Il nesso fra gli opposti, la nudità ascetica e lo sfarzo regale è particolarmente avvertito dalla sensibilità indù: Winston Churchill non sapeva di aggiungere prestigio al mahātma Gandhi quando lo dileggiava chiamandolo «il fachiro nudo».
Dopo il convegno mia moglie e io si volle raggiungere Anand Krishna a Benares. Un lento velivolo a elica sorvolò le soavi verdissime campagne luccicanti al sole, il biancore del Tāj Mahal e i templi di Khajuraho.
Centro della nostra residenza a Benares fu un ristorante bramino di stretta osservanza. Il cortile era avvivato dalle tinte squillanti dell’affresco che copriva uno dei muri: una fila di prue nere sul Gange. Ci si attenne al cibo rigorosamente castigato che generava quella casta, offrendone la gamma di sapori sfumati e sontuosi. Si usciva esultanti per strade orrendamente ostruite da folle compatte entro le quali avanzavano di volo le vetture. Occorre una calma inespugnabile per inoltrarsi trasognati, sempre a un filo dalla torma, tra veicoli dardeggianti e schiene di mucche.

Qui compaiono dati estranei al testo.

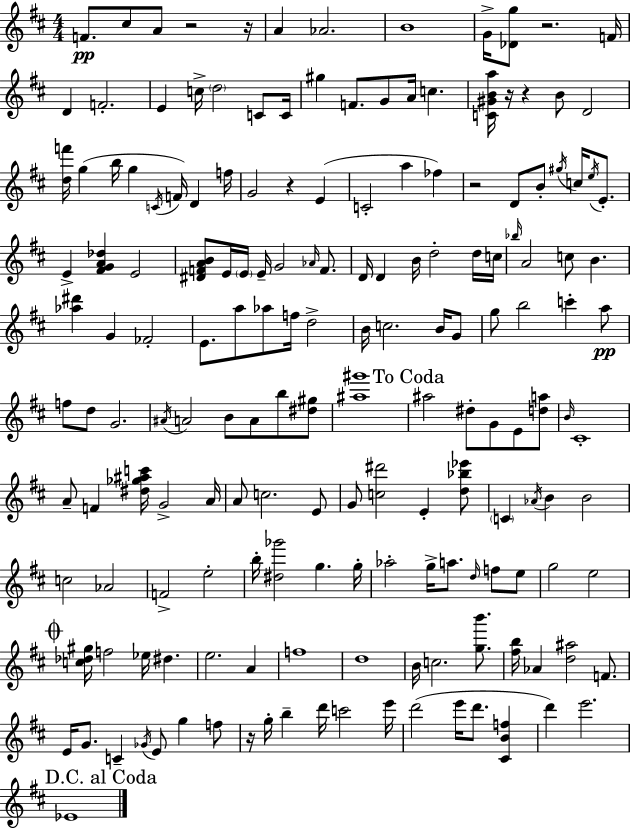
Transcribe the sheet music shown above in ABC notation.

X:1
T:Untitled
M:4/4
L:1/4
K:D
F/2 ^c/2 A/2 z2 z/4 A _A2 B4 G/4 [_Dg]/2 z2 F/4 D F2 E c/4 d2 C/2 C/4 ^g F/2 G/2 A/4 c [C^GBa]/4 z/4 z B/2 D2 [df']/4 g b/4 g C/4 F/4 D f/4 G2 z E C2 a _f z2 D/2 B/2 ^g/4 c/4 e/4 E/2 E [^FGA_d] E2 [^DFAB]/2 E/4 E/4 E/4 G2 _A/4 F/2 D/4 D B/4 d2 d/4 c/4 _b/4 A2 c/2 B [_a^d'] G _F2 E/2 a/2 _a/2 f/4 d2 B/4 c2 B/4 G/2 g/2 b2 c' a/2 f/2 d/2 G2 ^A/4 A2 B/2 A/2 b/2 [^d^g]/2 [^a^g']4 ^a2 ^d/2 G/2 E/2 [da]/2 B/4 ^C4 A/2 F [^d_g^ac']/4 G2 A/4 A/2 c2 E/2 G/2 [c^d']2 E [d_b_e']/2 C _A/4 B B2 c2 _A2 F2 e2 b/4 [^d_g']2 g g/4 _a2 g/4 a/2 d/4 f/2 e/2 g2 e2 [c_d^g]/4 f2 _e/4 ^d e2 A f4 d4 B/4 c2 [gb']/2 [^fb]/4 _A [d^a]2 F/2 E/4 G/2 C _G/4 E/2 g f/2 z/4 g/4 b d'/4 c'2 e'/4 d'2 e'/4 d'/2 [^CBf] d' e'2 _E4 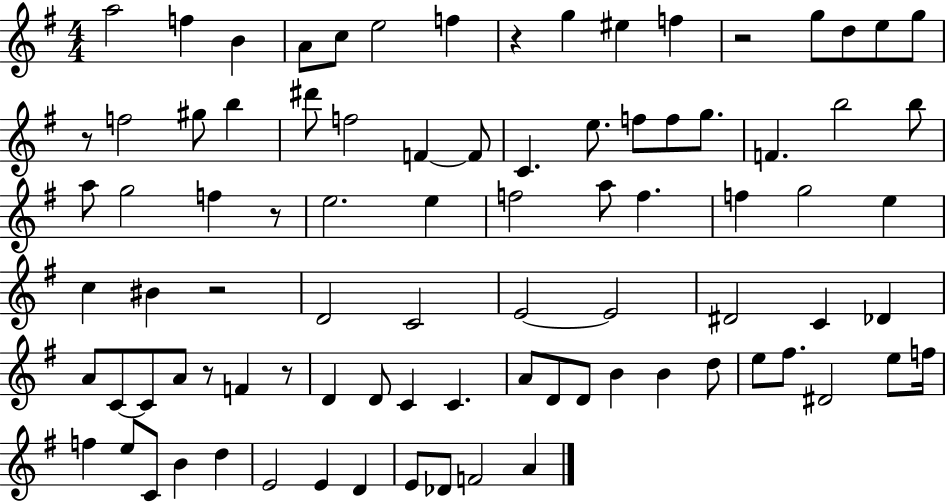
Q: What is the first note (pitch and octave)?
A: A5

Si perveniva ai templi sulle sponde, alle librerie dove volumi inattesi si offrivano all’occhio avido. Accademie squisite si aprivano in vicolacci di sterco e mota, ingombri di bufali nerastri, dove comparivano asceti nudi dagli occhi arrossati. Qualche volta in una nicchia si palesava l’icona di un dio, da una finestra si scorgeva l’interno d’un tempio coi sacerdoti salmodianti attorno all’altare del fuoco. Nei viali dell’università indù si raggiungeva la facoltà di Āyurveda, il dipartimento di Alchimia, infine la facoltà di Filosofia. Annovera due insegnamenti separati, l’Advaita Vedānta e il Tantra. Nell’uno si discetta e argomenta, nell’altro il ragionare rinvia a una ginnastica e a un’erotica rituali. Distinti docenti impartiscono l’uno o l’altra disciplina: il tantrico ha uno sguardo intenso e tumultuoso, l’advaitino un sorriso faceto. Un giovane monaco thai coltissimo ci fu deputato a illustrare nei giorni successivi tutti i monumenti della sua religione sparsi nel contado; la plebe dei fuoricasta lo riveriva e così riviveva l’India dell’anno mille.
Nella miriade di pensieri che mi rampollarono in quei giorni tra le strade di Lucknow e Benares, germinò il tema al centro di queste paginette consacrate ai tre sentieri che si dispiegano al fedele indù.
1 Pantheons of Power, organizzato da T.S. Maxwell, si tenne presso la Lalit Kala Akademi, Lucknow (17-21 settembre 1984). Gli Atti furono in parte pubblicati in «Saras Research Bulletin», 4-5 novembre 1984 (N.d.C.).
2 All’Università degli Studi di Firenze dove insegna attualmente, la professoressa Baldissera ha fatto conferire nel maggio 2018 la laurea honoris causa all’illustre indologo francese Charles Malamoud (N.d.C.).
3 Nella relazione dal titolo The Power of Ornament in Ritual and Art, in «Saras Research Bulletin», 4-5 novembre 1984 (N.d.C.).